Overview
- Manufacturer: Chrysler
- Production: 1956 (none, sunk on the SS Andrea Doria)
- Designer: Virgil Exner

Body and chassis
- Class: Full-size
- Body style: 2-door fastback
- Layout: FR layout

Powertrain
- Engine: 331 cu in (5.4 L) FirePower V8
- Transmission: Powerflite automatic

Dimensions
- Wheelbase: 129 in (3,277 mm)
- Length: 227.5 in (5,778 mm)
- Width: 80 in (2,032 mm)
- Height: 57 in (1,448 mm)

= Chrysler Norseman =

1956 concept car

The Chrysler Norseman was a four-seat fastback coupe built in 1956 as a concept car. Although designed by Chrysler's stylists, actual construction was contracted out to the Italian coach-building firm of Carrozzeria Ghia. The concept car was lost during the sinking of the .

==Design==
Virgil Exner, working in Chrysler's Advanced Styling Group, developed lower, sleeker, and more aggressive-looking automobiles for Chrysler in the 1950s. Exner also wanted maximum all-around visibility from the car's interior, and he took the design of the Norseman to the limit. The dream car was named for Exner's ancestry.

The Norseman was designed by the Chrysler Corporation Engineering Division and built by Ghia of Turin, Italy. Ghia had experience in the construction of low-volume vehicles and one-off prototypes. Chrysler wanted a fully drivable vehicle, not just a rolling mockup, so all normal systems for the powertrain, braking, suspension, were installed. Power was from a modified 331 CID Chrysler Hemi engine producing 235 hp with a pushbutton-controlled Powerflite automatic transmission. The body panels on the car were made of aluminum with "a sharply sloping hood, upswept tail fins and a covered, smooth underbody for aerodynamic efficiency." The Norseman combined a "sweeping fastback rear end design and Chrysler's own take on a tailfin and bumper treatment."

More difficult to fabricate was its unusual cantilevered roof, which was secured to the body only at the rear C pillars. There were no side pillars, and at the front the roof rested only lightly on a fully frameless windshield. An advanced 12 square foot power sliding glass panel sunroof feature was difficult to integrate into a slender roof structure lacking A-pillar support at the front. The windshield and roof glass was specially made by PPG Industries to provide strength and be shatterproof. The door glass was ventless (having no small vent window at the front), a styling theme that would become popular some fifteen years later. The interior featured four bucket seats and the retractable reel-type seatbelts were mounted in the door and fastened across the occupants to the full-length center console which was later adopted in the early 1990s to satisfy passive restraint regulations enacted by the US Department of Transportation. Other features included concealed automatic headlights, door handles, and concealed trunk lid opening device.
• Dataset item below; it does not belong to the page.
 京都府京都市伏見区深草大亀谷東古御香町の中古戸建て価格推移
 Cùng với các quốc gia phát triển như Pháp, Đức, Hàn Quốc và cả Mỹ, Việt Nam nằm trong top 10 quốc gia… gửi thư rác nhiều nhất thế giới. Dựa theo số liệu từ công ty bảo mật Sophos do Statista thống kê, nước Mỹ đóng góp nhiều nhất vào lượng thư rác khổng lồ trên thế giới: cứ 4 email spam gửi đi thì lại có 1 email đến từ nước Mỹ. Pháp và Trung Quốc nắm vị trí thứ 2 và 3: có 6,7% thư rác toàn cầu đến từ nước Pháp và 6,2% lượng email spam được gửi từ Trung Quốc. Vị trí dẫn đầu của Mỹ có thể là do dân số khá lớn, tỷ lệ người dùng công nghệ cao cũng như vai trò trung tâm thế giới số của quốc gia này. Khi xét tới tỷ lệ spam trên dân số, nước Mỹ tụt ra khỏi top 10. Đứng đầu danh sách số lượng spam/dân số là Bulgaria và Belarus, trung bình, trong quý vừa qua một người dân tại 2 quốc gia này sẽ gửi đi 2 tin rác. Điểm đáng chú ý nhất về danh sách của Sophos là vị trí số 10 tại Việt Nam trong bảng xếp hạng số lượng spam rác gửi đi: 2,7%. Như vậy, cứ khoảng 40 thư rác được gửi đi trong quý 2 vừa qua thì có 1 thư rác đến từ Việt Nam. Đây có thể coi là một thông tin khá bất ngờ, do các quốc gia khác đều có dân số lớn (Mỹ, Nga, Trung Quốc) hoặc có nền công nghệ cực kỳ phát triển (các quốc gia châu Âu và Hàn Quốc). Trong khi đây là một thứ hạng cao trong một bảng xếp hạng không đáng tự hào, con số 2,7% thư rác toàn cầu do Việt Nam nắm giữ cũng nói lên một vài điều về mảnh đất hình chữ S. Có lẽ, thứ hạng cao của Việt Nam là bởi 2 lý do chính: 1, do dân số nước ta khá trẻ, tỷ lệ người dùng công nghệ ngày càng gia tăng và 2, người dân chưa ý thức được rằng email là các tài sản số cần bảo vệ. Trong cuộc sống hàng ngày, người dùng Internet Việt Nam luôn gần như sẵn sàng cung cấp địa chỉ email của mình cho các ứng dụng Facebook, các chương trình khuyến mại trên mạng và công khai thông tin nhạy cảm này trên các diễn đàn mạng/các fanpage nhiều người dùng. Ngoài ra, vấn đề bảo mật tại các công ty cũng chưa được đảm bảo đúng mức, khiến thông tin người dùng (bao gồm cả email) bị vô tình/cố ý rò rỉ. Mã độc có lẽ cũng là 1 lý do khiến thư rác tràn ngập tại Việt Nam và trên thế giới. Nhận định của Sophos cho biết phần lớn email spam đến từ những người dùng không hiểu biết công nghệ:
Building the complicated car, with its advanced features, took fifteen months and the car was finally delivered to the freight forwarder. it was estimated to cost US$150,000 (in 1956 dollars). The car missed its intended cargo shipment from Italy and was instead put into a container on the next available ship, the passenger ocean liner SS Andrea Doria.

==Legacy==
The car was to be a featured attraction of Chrysler's auto show exhibit for 1957 and was shipped from Turin by Ghia to New York City in July 1956. The car was shipped on the ocean liner SS Andrea Doria, which was involved in a collision off the coast of Massachusetts and sank, with the loss of fifty-one lives and all cargo.

The Norseman was a "fascinating casualty" of the sinking of the Andrea Doria. As a result, the car was never shown to the public and was never seen by most of the stylists who worked on it. It is known to automotive historians, however, through photographs and specifications. Chrysler never used the cantilevered roof design in any subsequent vehicle.

Automotive designer Dick Teague, who worked for Chrysler as a stylist during the mid-1950s, was responsible for many of American Motors' vehicles and the "Norseman's resemblance to the 1965 Rambler Marlin fastback coupe, or vice versa, was uncanny."

The remains of the Norseman were found in Andrea Doria's number two cargo hold in 1994 by diver David Bright. By the time it was found, it had disintegrated into a pile of debris, with only the wheels still being recognizable.